Что до меня, то я не страдаю недостатком смелости продумать до конца любую мысль. Во всяком случае, до сих пор я не боялся никакой, а если наткнусь на такую, которой испугаюсь, то, надеюсь, у меня хватит, по крайней мере, искренности дознаться: да, эта мысль меня пугает, она что-то возмущает во мне, а потому я не хочу думать об этом , вот, если бы даже я признал судом истины, что Авраам был убийца, то я не знаю, смог ли бы я заставить смолкнуть мое благоговение перед ним.
Итак, можно ли говорить об Аврааме без обиняков, откровенно, не рискуя соблазнить кого-нибудь к такому деянию? Если этого нельзя, то лучше мне совсем молчать об Аврааме, и прежде всего я не стану низводить его на уровень ловушки для слабых душ. Если же считать, что вера – это все (как она и есть), то, мне кажется, можно говорить об Аврааме спокойно и откровенно и в наше время, едва ли отличающееся особой экстравагантностью по части веры, а ведь только верою и можно обрести сходство с Авраамом, но никак не убийством.
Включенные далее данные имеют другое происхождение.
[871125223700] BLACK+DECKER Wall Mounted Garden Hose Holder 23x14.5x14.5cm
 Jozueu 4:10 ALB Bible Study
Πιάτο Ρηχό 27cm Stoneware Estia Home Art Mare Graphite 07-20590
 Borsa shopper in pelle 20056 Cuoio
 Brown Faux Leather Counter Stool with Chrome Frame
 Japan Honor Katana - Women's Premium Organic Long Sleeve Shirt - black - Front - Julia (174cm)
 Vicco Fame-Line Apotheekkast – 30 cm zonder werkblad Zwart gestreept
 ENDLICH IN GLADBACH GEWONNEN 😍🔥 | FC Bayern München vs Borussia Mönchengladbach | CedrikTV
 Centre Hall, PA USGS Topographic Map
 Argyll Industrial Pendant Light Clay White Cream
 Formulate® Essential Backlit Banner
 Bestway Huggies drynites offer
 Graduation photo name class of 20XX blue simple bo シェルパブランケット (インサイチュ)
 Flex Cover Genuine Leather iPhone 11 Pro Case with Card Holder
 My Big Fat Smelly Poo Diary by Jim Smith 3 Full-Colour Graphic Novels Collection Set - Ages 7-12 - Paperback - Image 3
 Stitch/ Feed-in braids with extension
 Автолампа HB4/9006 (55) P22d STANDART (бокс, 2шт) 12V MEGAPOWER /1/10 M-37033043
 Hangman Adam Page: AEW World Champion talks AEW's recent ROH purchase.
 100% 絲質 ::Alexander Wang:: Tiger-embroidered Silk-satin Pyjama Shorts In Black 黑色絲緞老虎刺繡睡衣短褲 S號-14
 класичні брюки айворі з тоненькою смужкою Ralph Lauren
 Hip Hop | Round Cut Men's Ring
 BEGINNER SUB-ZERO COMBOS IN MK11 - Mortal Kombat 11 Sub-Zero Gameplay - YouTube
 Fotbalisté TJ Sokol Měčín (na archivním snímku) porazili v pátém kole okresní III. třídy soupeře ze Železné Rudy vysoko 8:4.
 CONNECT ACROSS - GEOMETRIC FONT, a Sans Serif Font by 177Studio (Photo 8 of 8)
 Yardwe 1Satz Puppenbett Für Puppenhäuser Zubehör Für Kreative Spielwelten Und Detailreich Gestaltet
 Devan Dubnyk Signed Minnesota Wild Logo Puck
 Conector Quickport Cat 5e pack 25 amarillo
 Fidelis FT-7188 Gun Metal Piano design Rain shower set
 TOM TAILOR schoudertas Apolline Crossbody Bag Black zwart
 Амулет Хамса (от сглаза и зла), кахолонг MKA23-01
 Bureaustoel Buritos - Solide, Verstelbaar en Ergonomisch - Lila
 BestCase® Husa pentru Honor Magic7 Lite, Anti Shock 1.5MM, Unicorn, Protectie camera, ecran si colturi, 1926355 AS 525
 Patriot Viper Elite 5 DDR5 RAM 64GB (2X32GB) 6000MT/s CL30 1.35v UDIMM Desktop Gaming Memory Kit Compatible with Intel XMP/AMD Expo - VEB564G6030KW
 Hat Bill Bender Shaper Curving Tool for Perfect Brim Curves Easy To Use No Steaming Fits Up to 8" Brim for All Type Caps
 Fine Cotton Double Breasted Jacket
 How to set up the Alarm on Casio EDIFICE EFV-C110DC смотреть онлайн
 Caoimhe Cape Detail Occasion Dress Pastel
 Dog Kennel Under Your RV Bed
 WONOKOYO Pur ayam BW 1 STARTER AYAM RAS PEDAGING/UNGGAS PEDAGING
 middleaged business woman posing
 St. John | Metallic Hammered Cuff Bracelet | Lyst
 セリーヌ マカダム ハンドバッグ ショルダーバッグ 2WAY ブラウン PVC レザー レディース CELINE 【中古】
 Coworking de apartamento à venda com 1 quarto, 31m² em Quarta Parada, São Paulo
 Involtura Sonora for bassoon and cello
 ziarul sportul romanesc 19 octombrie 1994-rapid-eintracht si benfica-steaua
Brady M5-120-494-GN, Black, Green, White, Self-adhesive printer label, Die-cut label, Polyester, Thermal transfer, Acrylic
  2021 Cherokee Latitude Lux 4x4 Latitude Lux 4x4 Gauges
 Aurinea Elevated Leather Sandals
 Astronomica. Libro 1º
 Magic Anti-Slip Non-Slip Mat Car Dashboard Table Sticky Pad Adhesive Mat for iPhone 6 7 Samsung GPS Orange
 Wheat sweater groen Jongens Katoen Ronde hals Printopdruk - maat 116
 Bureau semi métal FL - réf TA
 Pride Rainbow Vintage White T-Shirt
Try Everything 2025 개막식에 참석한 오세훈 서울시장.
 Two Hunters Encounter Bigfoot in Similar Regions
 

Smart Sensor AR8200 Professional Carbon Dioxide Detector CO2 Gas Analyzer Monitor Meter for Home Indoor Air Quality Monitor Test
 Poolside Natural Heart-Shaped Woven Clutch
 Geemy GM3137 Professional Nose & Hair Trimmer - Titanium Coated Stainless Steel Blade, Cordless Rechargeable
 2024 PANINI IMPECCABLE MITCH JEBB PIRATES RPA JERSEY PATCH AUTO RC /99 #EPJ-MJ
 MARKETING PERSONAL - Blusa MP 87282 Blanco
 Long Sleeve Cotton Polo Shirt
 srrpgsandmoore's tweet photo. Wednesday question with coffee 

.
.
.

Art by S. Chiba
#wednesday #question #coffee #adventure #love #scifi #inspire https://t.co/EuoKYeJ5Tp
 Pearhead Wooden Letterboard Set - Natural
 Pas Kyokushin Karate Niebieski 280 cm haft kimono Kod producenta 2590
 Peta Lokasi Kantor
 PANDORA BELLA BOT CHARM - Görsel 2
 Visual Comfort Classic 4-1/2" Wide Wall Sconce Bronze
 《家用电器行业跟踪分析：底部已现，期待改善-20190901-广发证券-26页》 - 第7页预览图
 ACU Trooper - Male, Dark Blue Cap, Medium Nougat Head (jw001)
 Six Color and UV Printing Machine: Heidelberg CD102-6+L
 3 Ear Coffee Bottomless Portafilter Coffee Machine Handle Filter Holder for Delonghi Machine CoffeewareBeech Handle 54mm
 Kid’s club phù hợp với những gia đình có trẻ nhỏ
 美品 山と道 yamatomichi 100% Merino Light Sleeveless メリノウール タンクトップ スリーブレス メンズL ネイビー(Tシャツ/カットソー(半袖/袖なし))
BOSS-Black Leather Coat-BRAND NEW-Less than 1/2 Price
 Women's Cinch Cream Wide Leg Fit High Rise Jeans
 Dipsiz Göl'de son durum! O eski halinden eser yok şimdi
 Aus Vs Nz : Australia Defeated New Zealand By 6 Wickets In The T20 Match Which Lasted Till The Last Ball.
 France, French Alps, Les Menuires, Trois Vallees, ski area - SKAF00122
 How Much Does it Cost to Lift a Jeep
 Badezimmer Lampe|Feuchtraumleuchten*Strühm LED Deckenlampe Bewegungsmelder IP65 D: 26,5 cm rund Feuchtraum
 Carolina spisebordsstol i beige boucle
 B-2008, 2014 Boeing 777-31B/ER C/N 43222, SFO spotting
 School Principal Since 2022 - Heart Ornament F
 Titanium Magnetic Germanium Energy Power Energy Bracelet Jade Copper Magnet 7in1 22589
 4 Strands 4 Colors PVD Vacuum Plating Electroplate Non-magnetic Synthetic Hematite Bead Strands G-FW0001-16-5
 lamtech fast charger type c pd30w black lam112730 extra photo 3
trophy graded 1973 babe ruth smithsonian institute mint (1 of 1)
Итак, говорить об Аврааме можно: великое никогда не может принести вред, если только его понимают во всем его величии; оно подобно обоюдоострому мечу, который и убивает, и спасает. И выпади мне жребий говорить, я бы начал с того, каким благочестивым и богобоязненным был Авраам, достойный называться избранником Божиим. Лишь на такого и может быть возложено подобное испытание, но где найдется такой? Затем я бы описал, как Авраам любил Исаака, я призвал бы на помощь себе всех добрых гениев, чтобы речь моя была согрета тем же внутренним жаром, каким дышит отцовская любовь к сыну. И, надеюсь, мне бы удалось описать эту любовь так, что не много на земле нашлось бы отцов, решившихся утверждать, что и они так же любят своих сыновей.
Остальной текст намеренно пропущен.